My field experience is with Mrs. Angie Ecrement. A 7th Grade World History Teacher at Dutch Fork Middle School.  Mrs. Ecrement ‘s personality lights up the class.  She is assertive while being funny, keeps all of her students on task(which in the 7th grade seems like an impossibility), and likes to engage her students in the learning rather than just lecturing which can be difficult not to do in a history class.  Her teaching style, I believe, is one of dynamic adherence to the standards, by that I mean she never strays from the standards but she does so in a way that is fun and specific to each one of her students.  When explaining examples or problems her class becomes individual people that she addresses as such and I admire that.
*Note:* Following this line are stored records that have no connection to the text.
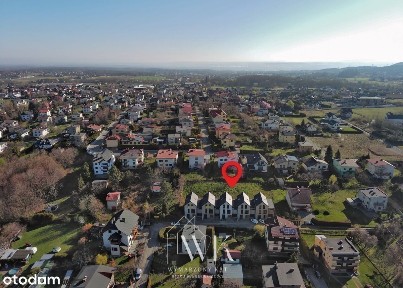 ul. Cyprysów, Kozy, bielski, śląskie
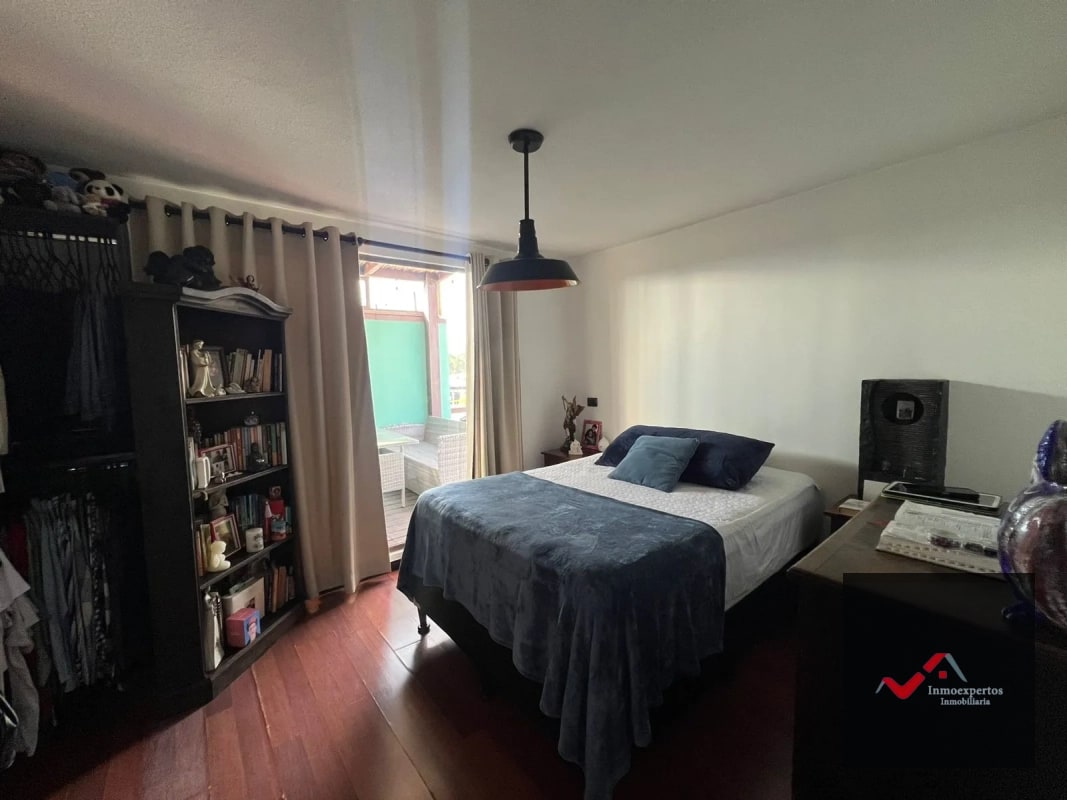 APARTAMENTO EN VENTA ZONA 11 JARDINES DE LAS CHARCAS - 3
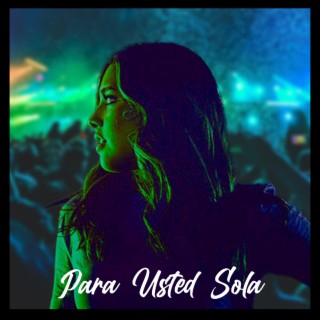 Para Usted Sola ft. Jazz Sound cover art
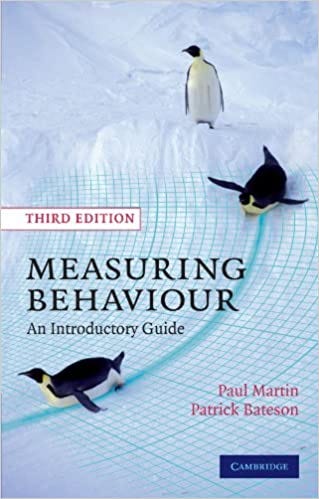 Read !Book Measuring Behaviour: An Introductory Gu | by Read !Book ...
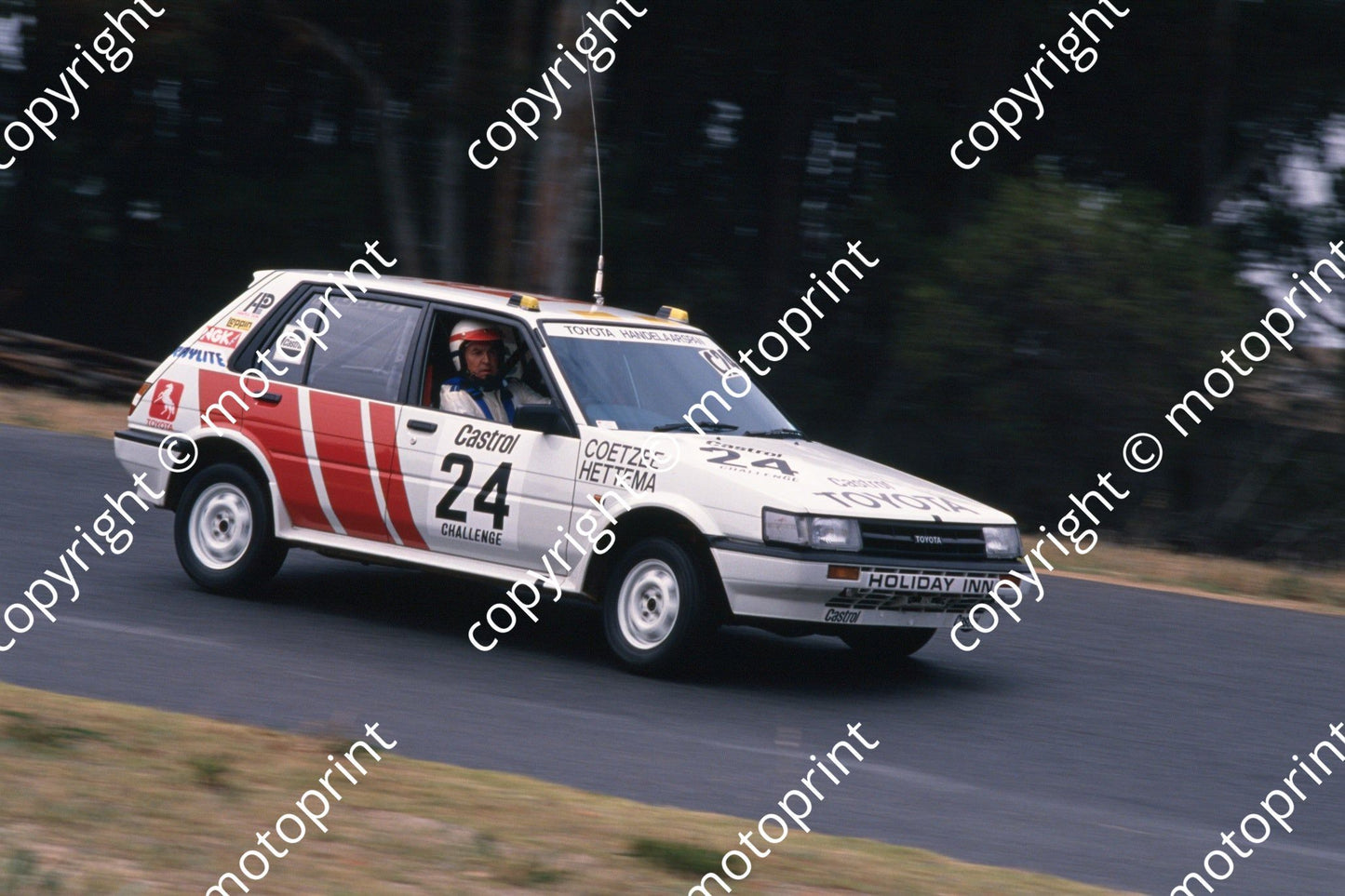1988 6 hr 24 Jan Hettema, Johan Coetzee Toyota Conquest RSi (Roger Swan) (29)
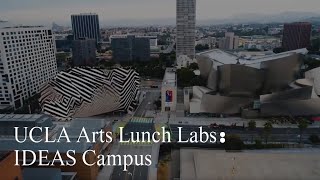 UCLA Arts Lunch Labs: IDEAS Campus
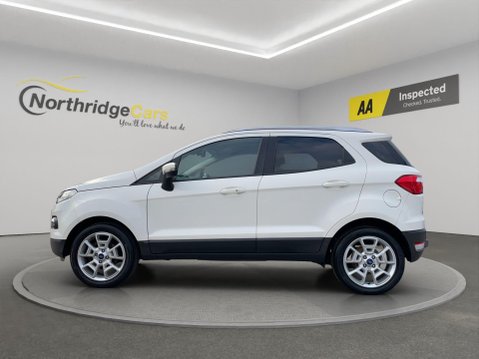 Ford Ecosport 1.5 Titanium Powershift 2WD Euro 5 5dr 6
This week I learned all of my students names.  In doing so I also picked up some on their personalities and attitudes.  My first day Mrs. Ecrement told me that her seating chart was very specific in order to limit distractions.  Once the class got into the swing of things I could see why.  The personalities in the class were spaced out along the perimeter while the quiet more “on-task” students were placed in the middle.  It seems that the class works well this way and it is easy to move around and observe the students which I like.  I learned how the class routine works.  The students come in take a quiz on what they learned last, work on some sort of DBQ or handout, then go through a Powerpoint made by Mrs. Ecrement.  It is simple and effective which I also made me understand the fact that with 7th Graders the simpler the routine is the easier it is for them to stay on task.

Learning Experiences:

On Thursday, Mrs. Ecrement told me that I could teach a lesson on the Cold War.  She handed me the “7th Grade Support Document” which was essentially the standards the students had to learn.  What was interesting is this outline also contained what the students have learned as well as what the students will learn.  At the beginning of each section the Blooms Taxonomy it falls under is listed.  It outlined what is essential and non-essential for students to know and has assessment guidelines for you.  This step by step walk-through of lessons is a great frame for teaching that I can fill in with fun things I want to teach.
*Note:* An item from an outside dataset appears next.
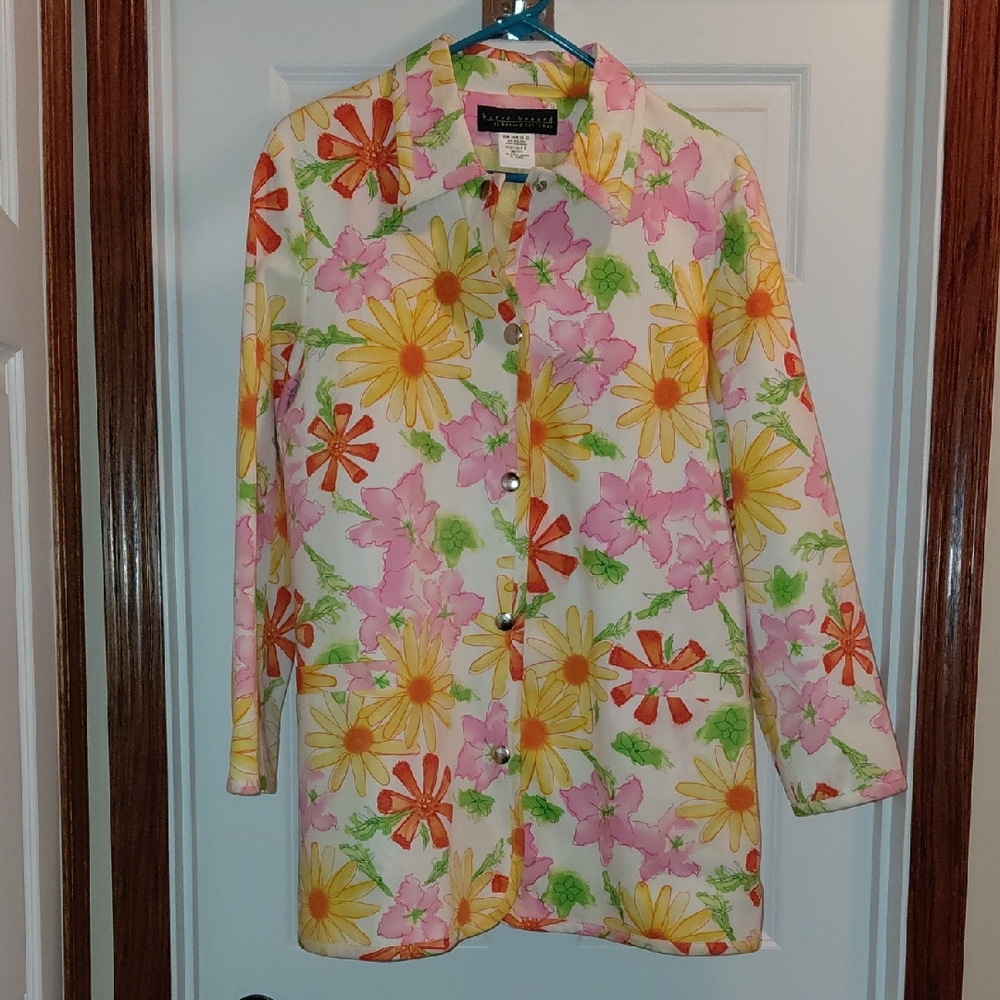 harvè benard Lightweight Spring Jacket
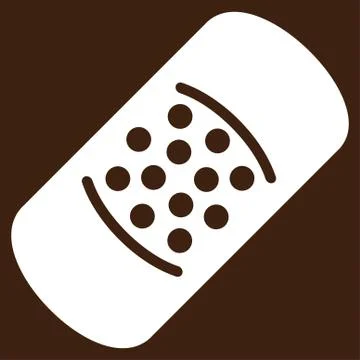 Patch Vector Icon Stock Illustration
I learned that the students have “Fox Cards” now which is the middle schools form of discipline.  If a student violates a rule/code their card gets punched.  They only have so many punches before they are required to serve some sort of detention.  On Tuesday Mrs. Ecrement suggested that one day I will have the power of the puncher.  Hopefully this will not change my kids view of me!

I feel my students learned that they can be comfortable around me.  Every time I addressed one of them on Thursday I used their name and they are beginning to use mine as well.


The last lesson we learned in Teacher Cadet can be seen in real world teaching all of the time.  In the two days I have been at my school I have dealt with disciple, types of students, Blooms Taxonomy, Standards, and teaching styles.  I think that every teaching cadet wont be able to “go by the book”.  That lesson was just suggestions on how to handle certain situations but it is the real test of the TC when they have to dynamically apply it to their situations.  For instance,  I’m teaching Honors 7th Grade World History, many of the styles and techniques we learned will not apply at this level simply because the kids are too old and it would be silly for me to try to apply it this way.  So I must make a judgement call on how I can apply my knowledge in the best way possible that will benefit my students.

Stories to Share:

This week the students had to do a project on the laptops in class. The project concerned the Nuremberg laws as well as Roosevelt’s address to America during our emergence into WWII.  While they were working, Mrs. Ecrement had me go around and assist the students who had questions.  One of the students, Kayla, is a personality.  In my opinion, every class needs a bit of spice and attitude in order to keep things interesting and Kayla brings this.  Kayla raised her hand and I went to go help her.  When I arrived at her desk I ask “Whats going on Kayla?” to which she replied “Oh shoot you know my name!”(this was accompanied with a big smile).  This response meant a great deal to me.  It showed her that I was not just in the class to aid the teacher and leave every other day.  I am there to get to know every single of of the students personally and help them find what they love about history.